The Slave Fortress at Fort Saint Louis.

Fine old color example of Raspe's map of the lower Senegal River, with plan of the Slave trading factory at Fort Saint-Louis and map of Saint-Louis Island, from his Schauplatz des Gegenwaertigen Kriegs . . .

The map was prepared following the conclusion of the Seven Year War, when the British captured Senegal and Fort Saint-Louis.

Saint-Louis Island, Senegal

A Wolof settlement at what is now known as Guet Ndar dates from around 1450 and was a meeting and departure point for Muslim pilgrims traveling to Mecca in Arabia.  Portuguese, Dutch, and English traders visited the area over the next two centuries but the first nearby colonial fortification was erected by the French in 1638 on Bocas Island.

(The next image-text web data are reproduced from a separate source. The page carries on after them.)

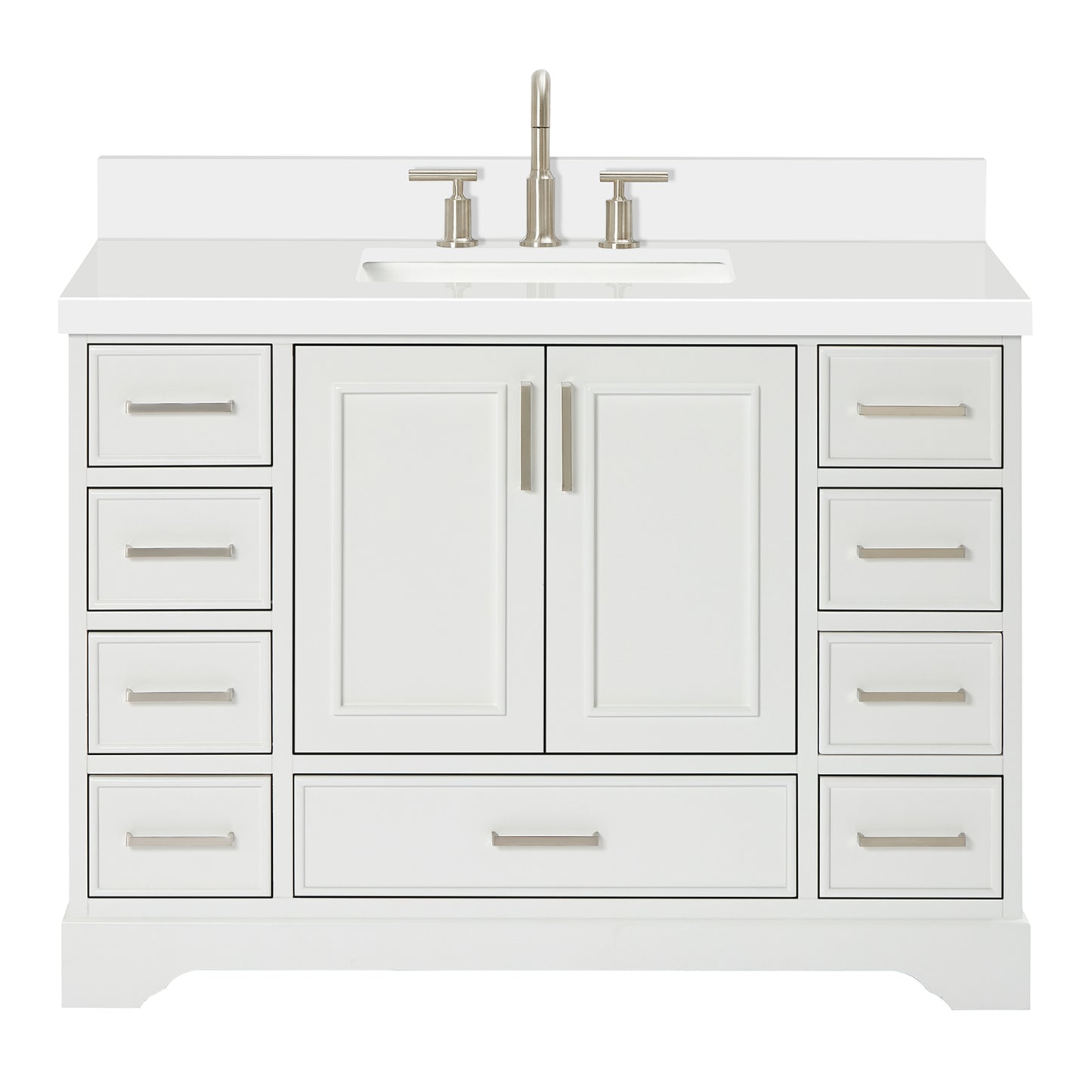 Langford 48-inch White bathroom vanity on white back ground front view main image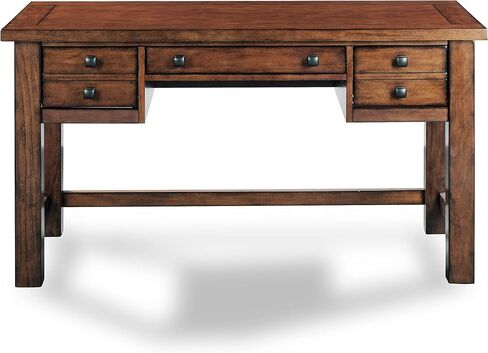 مكتب كتابة تنفيذي من Home Styles Tahoe Aged Maple مع درجين ملحقين على كل جانب، ودرج مركزي منسدل، وصينية لوحة مفاتيح، ومقابض برونزية عتيقة، بني in Kuwait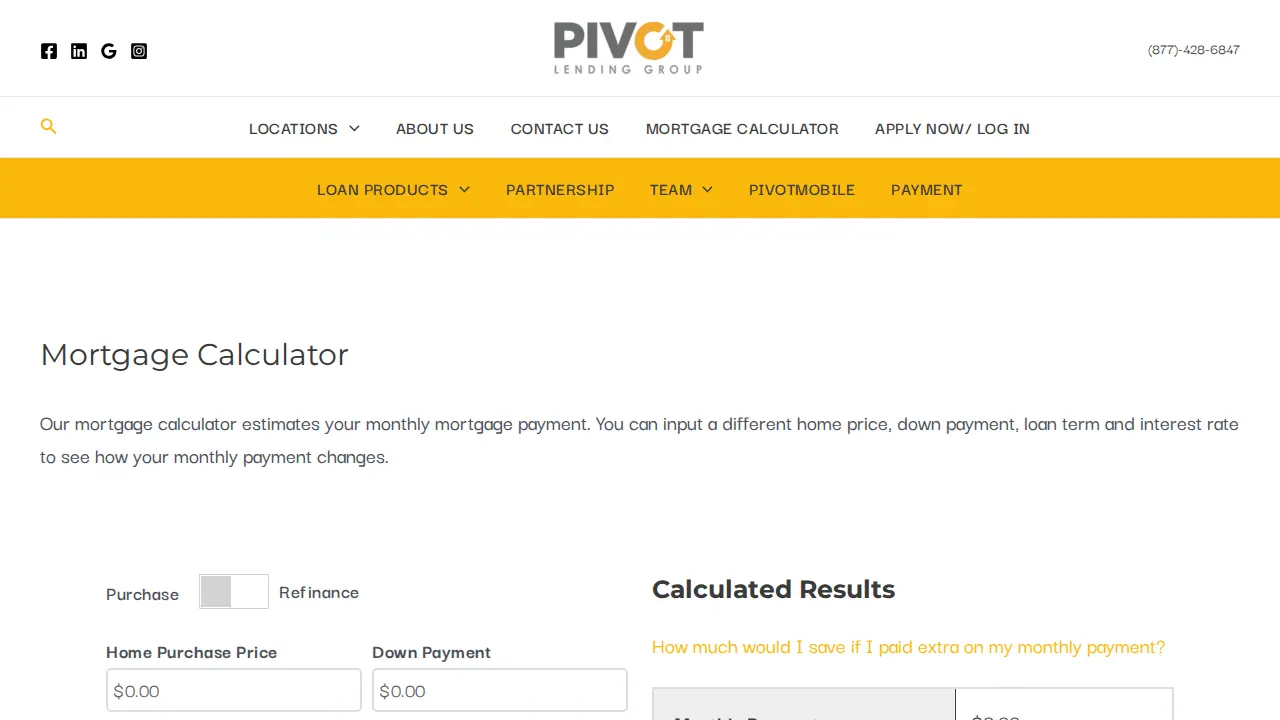 Pivot Lending Group page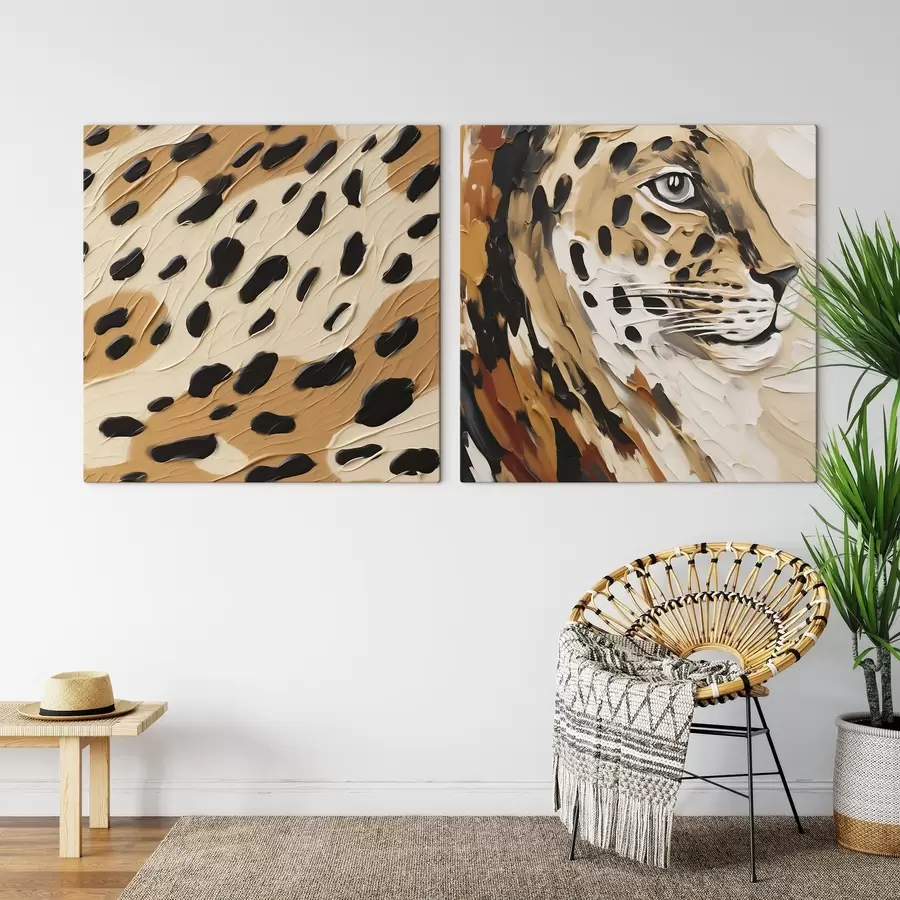  Schilderijen Abstracte luipaard, imitatie van een schilderij m30669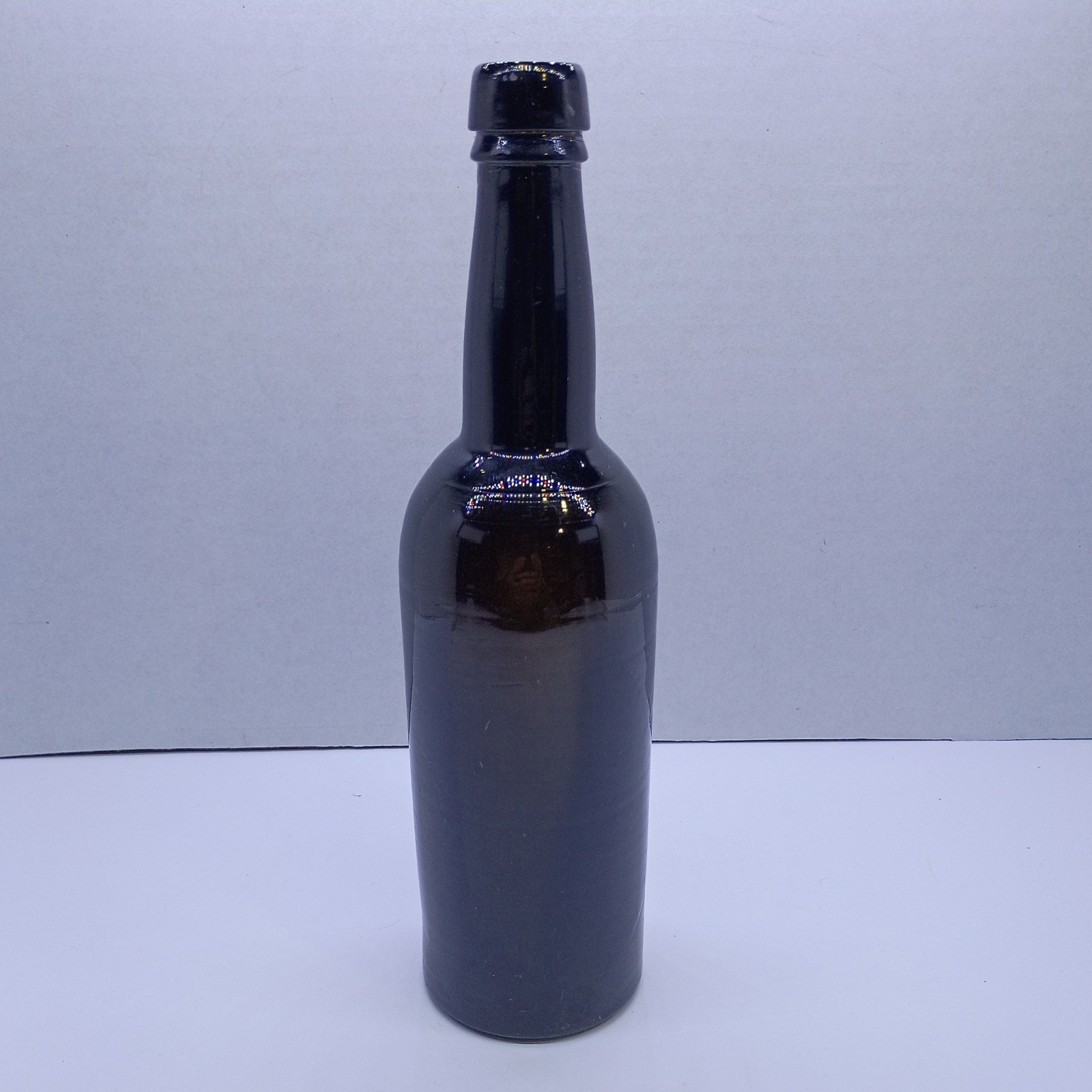 Antique Black Liquor Ale Beer Blown Glass Bottle 1880s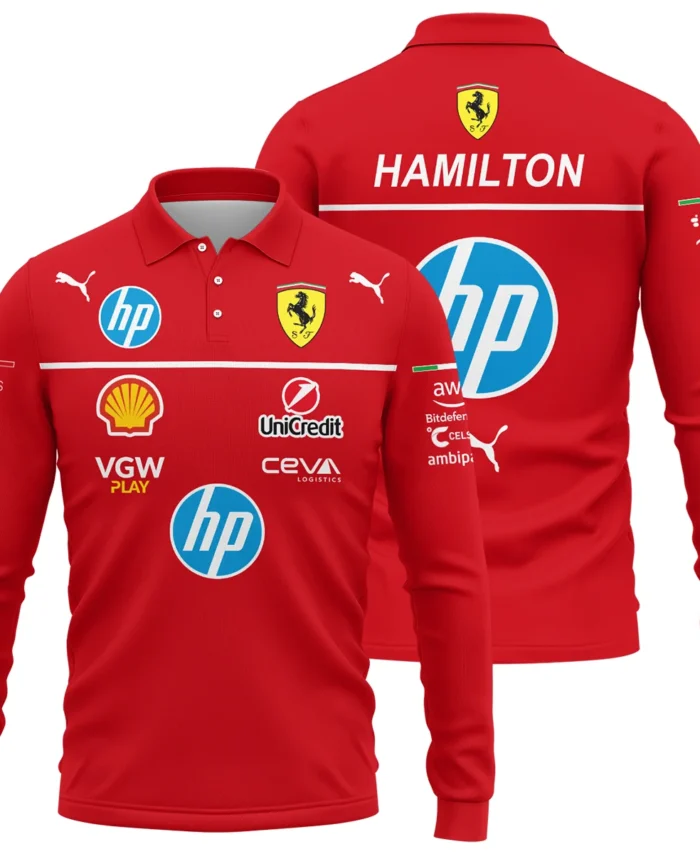 2025 Lewis Hamilton Racing Suit Ferrari F1 Long Polo Shirt BLVALH180825A4LPL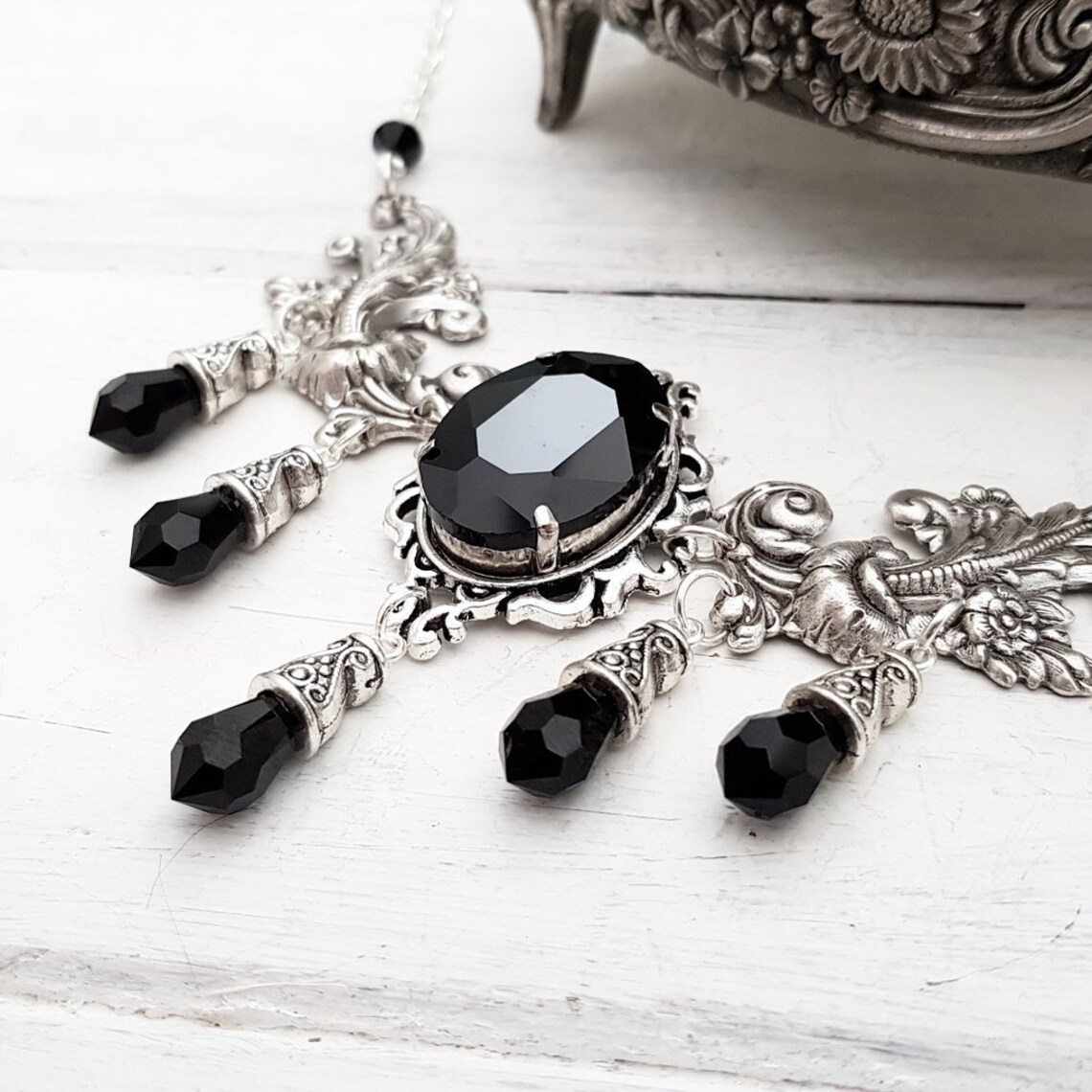 Gothic Necklace Black Jewel Necklace Gothic Black Jewel Etsy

Repeated flooding prompted the removal of the fort to the island known to locals as Ndar in 1659.  The island was uninhabited at the time, supposedly because the local people believed it to be haunted by spirits. The Diagne of Sor, the local leader, permitted French settlement on the island for annual payments of "three pieces of blue cloth, a measure of scarlet cloth, seven long iron bars, and 10 pints of eau de vie."

The fortification permitted a French factory to command foreign trade along the Senegal River. Slaves, hides, beeswax, ambergris and, later, gum Arabic were exported. During the Seven Years' War, British forces captured Senegal in 1758. In February 1779, French forces recaptured Saint-Louis. In the late 18th century, Saint-Louis had about 5,000 inhabitants, not counting an indeterminate number of slaves in transit.

Between 1659 and 1779, nine chartered companies succeeded one another in administering Saint-Louis. As in Gorée, a Franco-African Creole, or Métis, merchant community characterized by the famous "signares", or bourgeois women entrepreneurs, grew up in Saint-Louis during the 17th and 18th centuries.